Protein called cyclin D1 disrupts BRCA1's normal role as a cancer inhibitor

For about a decade, scientists have recognized that many cases of hereditary breast cancer result from a mutation of a specific gene called BRCA1, which, in its normal state, helps keep tumor formation in check. About five to 10 percent of breast cancer cases are linked to genetic miscues, about half of which are linked to BRCA1.

But now scientists have discovered that a protein called cyclin D1, grossly overproduced in about half of all cases of breast cancer, can also disrupt BRCA1's normal role as a cancer inhibitor.

The results reaffirm cyclin D1 as a candidate target for molecular therapeutic control of breast tumor development.

"We've previously shown that if you have a gene therapy vector that blocks cyclin D1 in breast tumors induced by ErbB2 -- a common oncogene that many women have--you can block the growth of those tumors," said Richard Pestell, M.D., Ph.D., senior author of the paper published in the August 1 issue of Cancer Research and director of the Lombardi Comprehensive Cancer Center, Georgetown University School of Medicine, Washington, D.C.

This paper, Pestell said, identifies the mechanism by which cyclin D1 nullifies the tumor suppressor activity of BRCA1.

"Cyclin D1 is a collaborative oncogene and is sufficient for the induction of breast tumorogenesis in transgenic mice," he said. "This protein blocks the functional activity of the BRCA1 tumor suppressor. The science reported in this paper describes an important oncogene/tumor suppressor interaction."

The tumor-promoting action of various oncogenic sources upregulating expression of cyclin D1 converge at the common binding site on the estrogen receptor alpha (ER alpha) that is shared by both cyclin D1 and BRCA1. This research builds on a major discovery by the laboratory by Dr.

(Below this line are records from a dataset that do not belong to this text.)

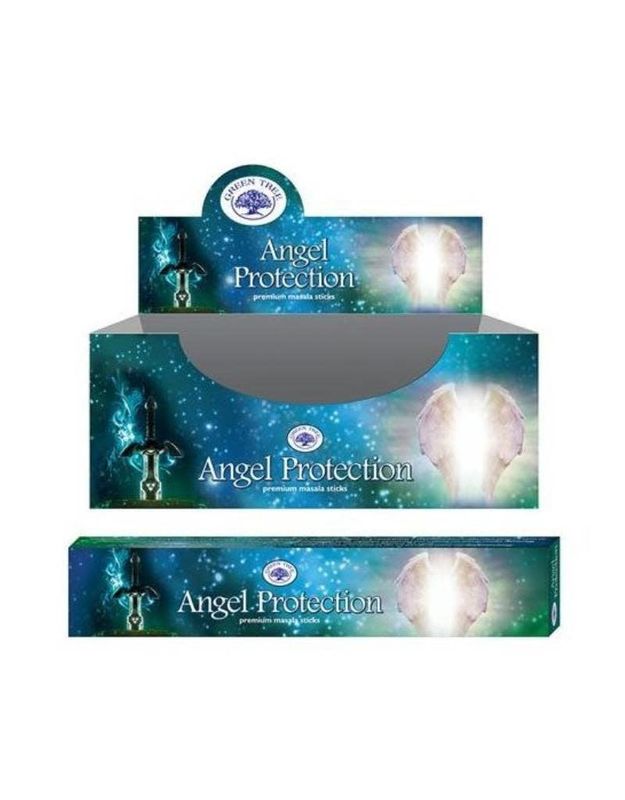 Angel Protection Green Tree Incense Sticks 15g
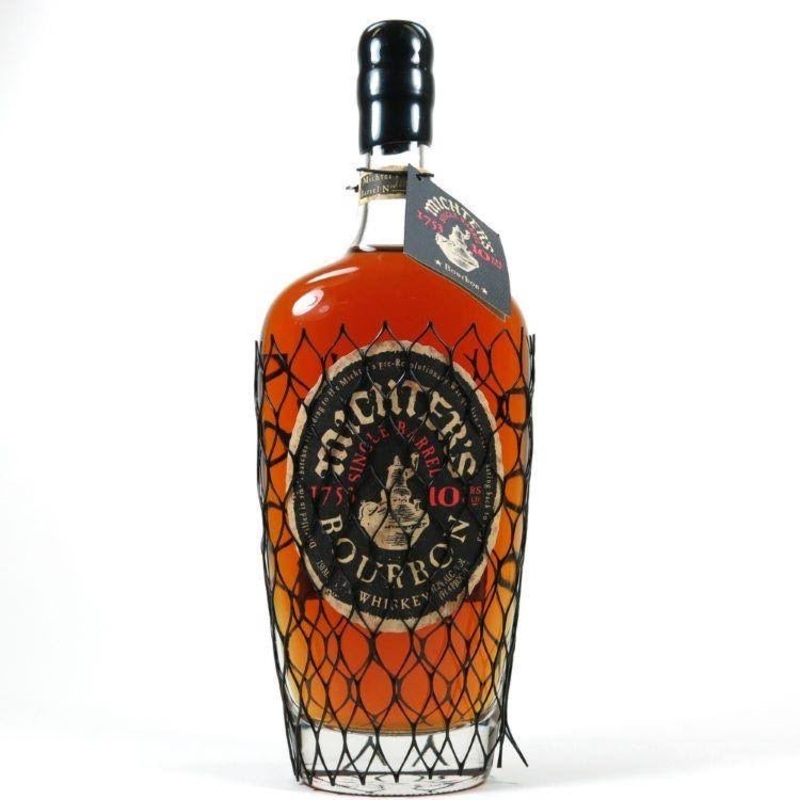 MICHTERS BOURBON 10 YEAR 750ML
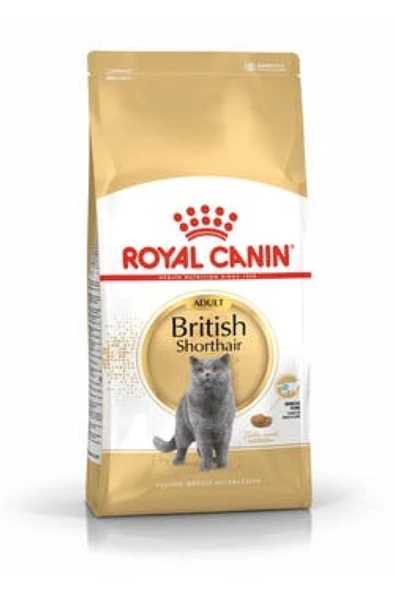 Royal Canin British Shorthair Adult Yetişkin Kedi Maması 2kg ürün görseli 1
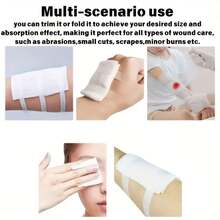 30 pezzi Garze 7,62x7,62cm, confezionate singolarmente, adatte per medicazioni, altamente assorbenti, in morbido tessuto non tessuto, confezione piccola e portatile, utilizzabili come ricarica per kit di pronto soccorso - Visualizzare 6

Eliot M. Rosen, a professor of oncology at Georgetown University and a co-investigator on this study, showing that BRCA1 interacts with, and inhibits the activity of ER alpha, the protein that transduces the growth signal of estrogen.

"This may help explain why the cyclin D1 gene and the BRCA1 gene are important primarily in hormone responsive cancers," Pestell said. "The interaction occurs at the level of the ER alpha hormone receptor."

Cyclin D1 is a protein produced by cells and routinely functions in events that promote cell division. In cancer, cyclin D1 is regulated and abundantly overexpressed by a number of factors that promote tumor growth, such as the oncogenes ErB2, src, and ras. In more than half of human patients with breast cancer, tumor cells produce as much as eight times the amount of cyclin D than healthy breast cells.

Cyclin D1 interferes with BRCA1 function because the two proteins both bind to the same spot on ER alpha, an important protein that governs cell proliferation properties in both healthy and cancerous cells. In healthy cells, BRCA1 binds to ER alpha to restrain and control estrogen-target genes that promote cell division. In cancer cells, however, cyclin D1 occupies the binding site on the ER alpha to promote proliferation. The abundance of cyclin D1 pre-empts BRCA1 binding to the estrogen receptor and negates the tumor suppressor role of the BRCA1 gene product.

The lead author of the Cancer Research paper is Chenguang Wang, Ph.D., assistant professor at the Lombardi Comprehensive Cancer Center, Georgetown University School of Medicine. Wang and Pestell conducted their research in concert with Saijun Fan, Zhiping Li, Maofu Fu, Mahadev Rao, Yongxian Ma, Chris Albanese, and Eliot Rosen, from the Department of Oncology, Lombardi Comprehensive Cancer Center, Georgetown University School of Medicine, Washington, D.C.; Michael Lisanti, Department of Molecular Pharmacology, Albert Einstein College of Medicine, Bronx, New York, N.Y.; Benita Katzenellenbogen, Departments of Molecular and Integrative Physiology and Cell and Structural Biology, University of Illinois and College of Medicine, Urbana, Ill.; Peter J. Kushner, Metabolic Research Unit, University of California-San Francisco School of Medicine, San Francisco, Calif.; and Barbara Weber, Department of Molecular Genetics, University of Pennsylvania, Philadelphia, Pa. The research was funded, in part, by a grant to Dr. Rosen from the Department of Defense.